* Given records *
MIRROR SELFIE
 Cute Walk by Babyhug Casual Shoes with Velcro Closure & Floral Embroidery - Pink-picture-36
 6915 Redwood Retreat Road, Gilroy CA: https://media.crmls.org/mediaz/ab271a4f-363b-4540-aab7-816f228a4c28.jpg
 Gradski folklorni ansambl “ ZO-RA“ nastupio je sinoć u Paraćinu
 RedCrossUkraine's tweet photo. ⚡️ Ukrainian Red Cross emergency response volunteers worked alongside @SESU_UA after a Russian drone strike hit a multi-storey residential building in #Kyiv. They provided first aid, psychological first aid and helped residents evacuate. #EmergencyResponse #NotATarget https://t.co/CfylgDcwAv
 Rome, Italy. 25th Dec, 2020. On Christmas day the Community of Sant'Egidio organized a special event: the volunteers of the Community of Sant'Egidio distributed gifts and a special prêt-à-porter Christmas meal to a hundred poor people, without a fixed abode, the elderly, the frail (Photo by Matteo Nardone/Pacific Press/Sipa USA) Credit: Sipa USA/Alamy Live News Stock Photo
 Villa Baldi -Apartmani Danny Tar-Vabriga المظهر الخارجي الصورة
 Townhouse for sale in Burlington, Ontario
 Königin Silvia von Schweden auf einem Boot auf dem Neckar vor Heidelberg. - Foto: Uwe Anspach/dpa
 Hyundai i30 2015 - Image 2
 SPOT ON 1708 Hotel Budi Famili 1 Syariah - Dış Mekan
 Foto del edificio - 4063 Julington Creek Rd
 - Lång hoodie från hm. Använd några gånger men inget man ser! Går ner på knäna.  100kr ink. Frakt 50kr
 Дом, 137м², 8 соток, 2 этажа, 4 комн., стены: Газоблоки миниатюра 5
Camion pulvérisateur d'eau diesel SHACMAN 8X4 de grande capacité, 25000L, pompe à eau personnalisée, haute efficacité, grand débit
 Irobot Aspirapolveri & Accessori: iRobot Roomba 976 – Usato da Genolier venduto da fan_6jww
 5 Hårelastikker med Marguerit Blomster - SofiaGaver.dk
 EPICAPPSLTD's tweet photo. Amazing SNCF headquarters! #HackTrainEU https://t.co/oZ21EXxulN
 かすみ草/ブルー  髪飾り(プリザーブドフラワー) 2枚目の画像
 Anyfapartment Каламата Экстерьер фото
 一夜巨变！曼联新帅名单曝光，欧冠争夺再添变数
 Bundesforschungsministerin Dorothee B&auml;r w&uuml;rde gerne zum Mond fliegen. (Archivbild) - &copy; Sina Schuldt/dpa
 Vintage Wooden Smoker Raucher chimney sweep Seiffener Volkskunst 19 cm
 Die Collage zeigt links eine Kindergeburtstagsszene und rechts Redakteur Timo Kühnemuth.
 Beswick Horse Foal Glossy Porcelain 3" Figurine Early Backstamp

* Aim of the task *
The records above need to be returned in full, with nothing altered.

* Completed exercise *
MIRROR SELFIE
 Cute Walk by Babyhug Casual Shoes with Velcro Closure & Floral Embroidery - Pink-picture-36
 6915 Redwood Retreat Road, Gilroy CA: https://media.crmls.org/mediaz/ab271a4f-363b-4540-aab7-816f228a4c28.jpg
 Gradski folklorni ansambl “ ZO-RA“ nastupio je sinoć u Paraćinu
 RedCrossUkraine's tweet photo. ⚡️ Ukrainian Red Cross emergency response volunteers worked alongside @SESU_UA after a Russian drone strike hit a multi-storey residential building in #Kyiv. They provided first aid, psychological first aid and helped residents evacuate. #EmergencyResponse #NotATarget https://t.co/CfylgDcwAv
 Rome, Italy. 25th Dec, 2020. On Christmas day the Community of Sant'Egidio organized a special event: the volunteers of the Community of Sant'Egidio distributed gifts and a special prêt-à-porter Christmas meal to a hundred poor people, without a fixed abode, the elderly, the frail (Photo by Matteo Nardone/Pacific Press/Sipa USA) Credit: Sipa USA/Alamy Live News Stock Photo
 Villa Baldi -Apartmani Danny Tar-Vabriga المظهر الخارجي الصورة
 Townhouse for sale in Burlington, Ontario
 Königin Silvia von Schweden auf einem Boot auf dem Neckar vor Heidelberg. - Foto: Uwe Anspach/dpa
 Hyundai i30 2015 - Image 2
 SPOT ON 1708 Hotel Budi Famili 1 Syariah - Dış Mekan
 Foto del edificio - 4063 Julington Creek Rd
 - Lång hoodie från hm. Använd några gånger men inget man ser! Går ner på knäna.  100kr ink. Frakt 50kr
 Дом, 137м², 8 соток, 2 этажа, 4 комн., стены: Газоблоки миниатюра 5
Camion pulvérisateur d'eau diesel SHACMAN 8X4 de grande capacité, 25000L, pompe à eau personnalisée, haute efficacité, grand débit
 Irobot Aspirapolveri & Accessori: iRobot Roomba 976 – Usato da Genolier venduto da fan_6jww
 5 Hårelastikker med Marguerit Blomster - SofiaGaver.dk
 EPICAPPSLTD's tweet photo. Amazing SNCF headquarters! #HackTrainEU https://t.co/oZ21EXxulN
 かすみ草/ブルー  髪飾り(プリザーブドフラワー) 2枚目の画像
 Anyfapartment Каламата Экстерьер фото
 一夜巨变！曼联新帅名单曝光，欧冠争夺再添变数
 Bundesforschungsministerin Dorothee B&auml;r w&uuml;rde gerne zum Mond fliegen. (Archivbild) - &copy; Sina Schuldt/dpa
 Vintage Wooden Smoker Raucher chimney sweep Seiffener Volkskunst 19 cm
 Die Collage zeigt links eine Kindergeburtstagsszene und rechts Redakteur Timo Kühnemuth.
 Beswick Horse Foal Glossy Porcelain 3" Figurine Early Backstamp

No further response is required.